What needs to be done: Exact copies of the lines below, from the one with "وزير العمل يفتتح" up to and including the one with "Building Photo - Cute", are what this calls for; leave out pictures.

Record extracts:
________________________________________
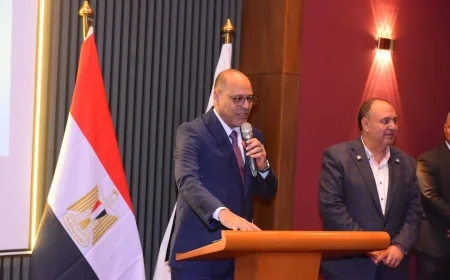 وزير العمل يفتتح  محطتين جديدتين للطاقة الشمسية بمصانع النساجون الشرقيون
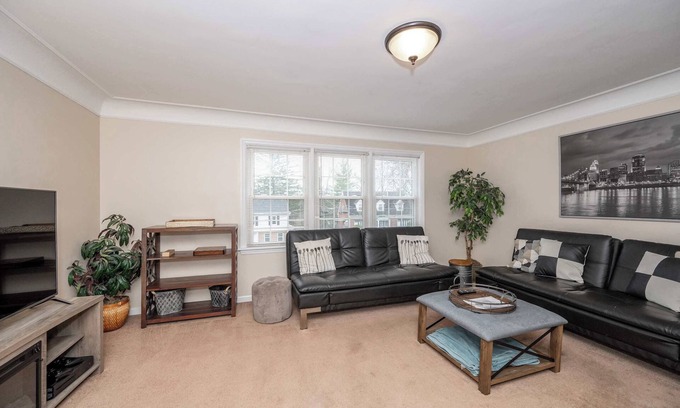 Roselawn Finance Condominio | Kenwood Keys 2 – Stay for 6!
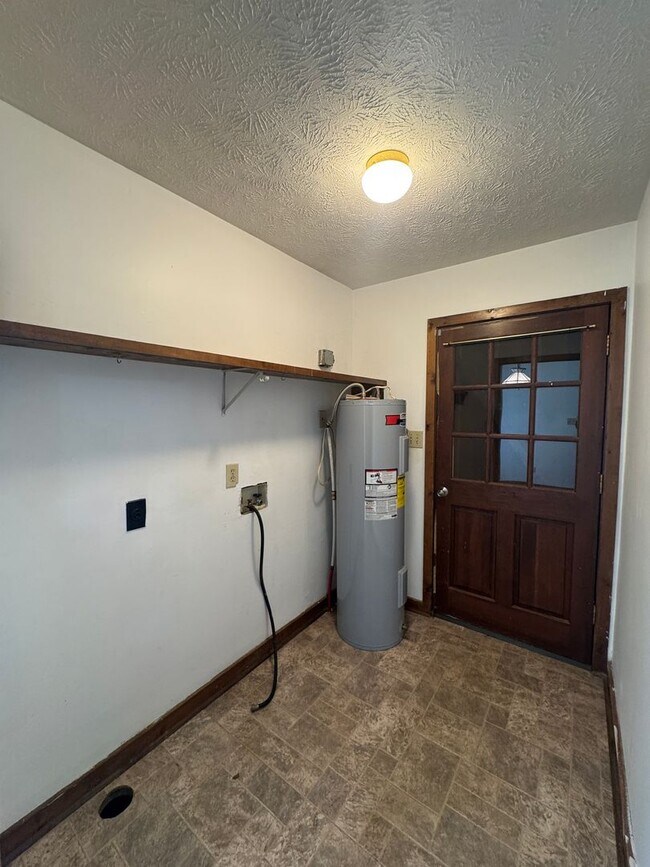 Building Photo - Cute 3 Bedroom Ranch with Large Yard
________________________________________
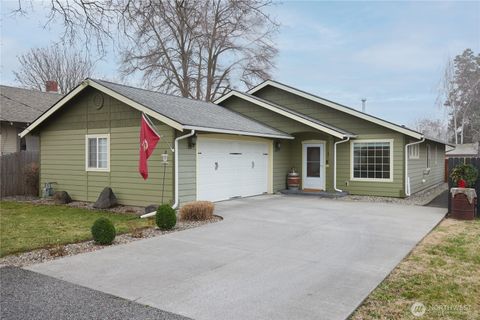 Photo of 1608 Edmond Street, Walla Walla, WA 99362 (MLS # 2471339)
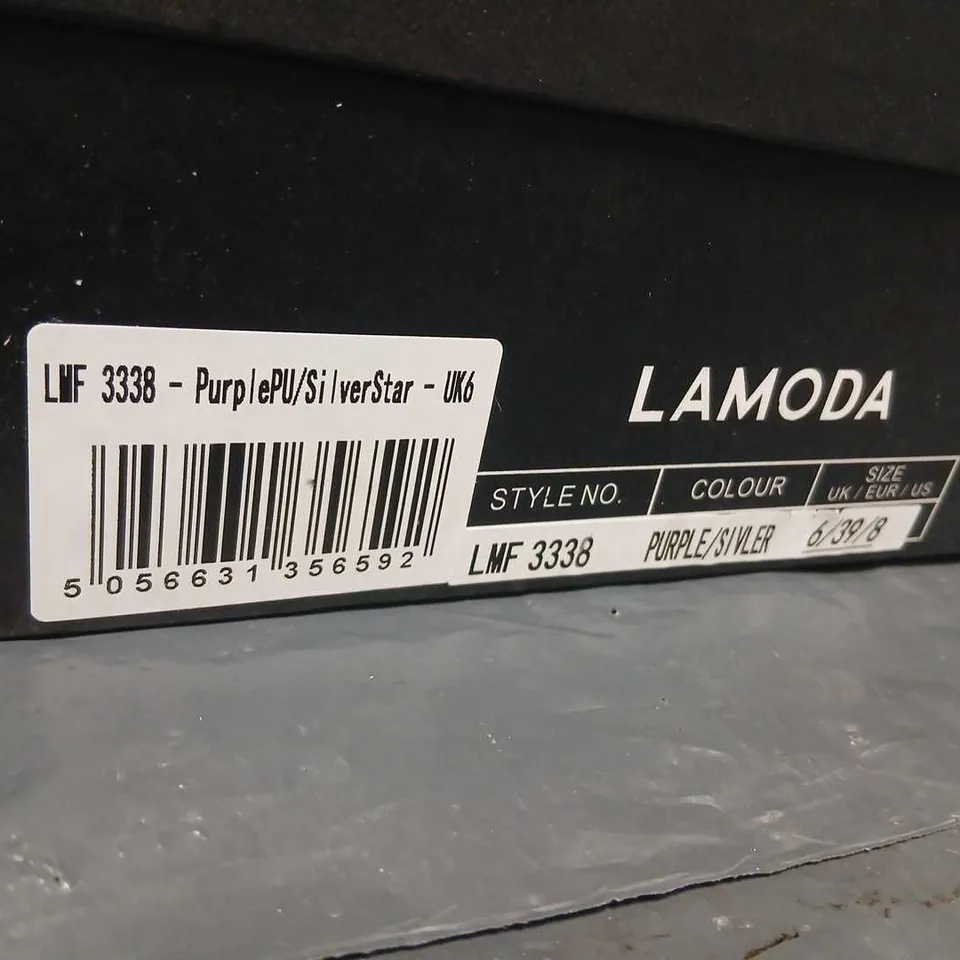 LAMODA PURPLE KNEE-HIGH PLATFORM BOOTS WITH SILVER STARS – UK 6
________________________________________
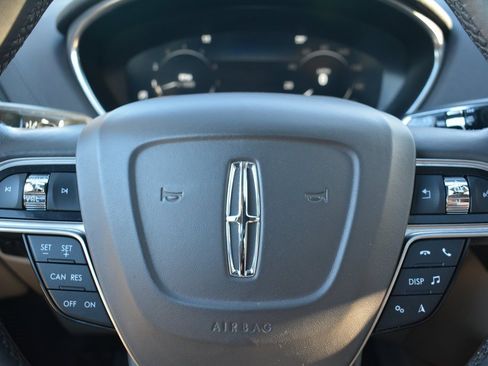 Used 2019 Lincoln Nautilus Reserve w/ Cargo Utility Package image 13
________________________________________
Task output:
 وزير العمل يفتتح  محطتين جديدتين للطاقة الشمسية بمصانع النساجون الشرقيون
 Roselawn Finance Condominio | Kenwood Keys 2 – Stay for 6!
 Building Photo - Cute 3 Bedroom Ranch with Large Yard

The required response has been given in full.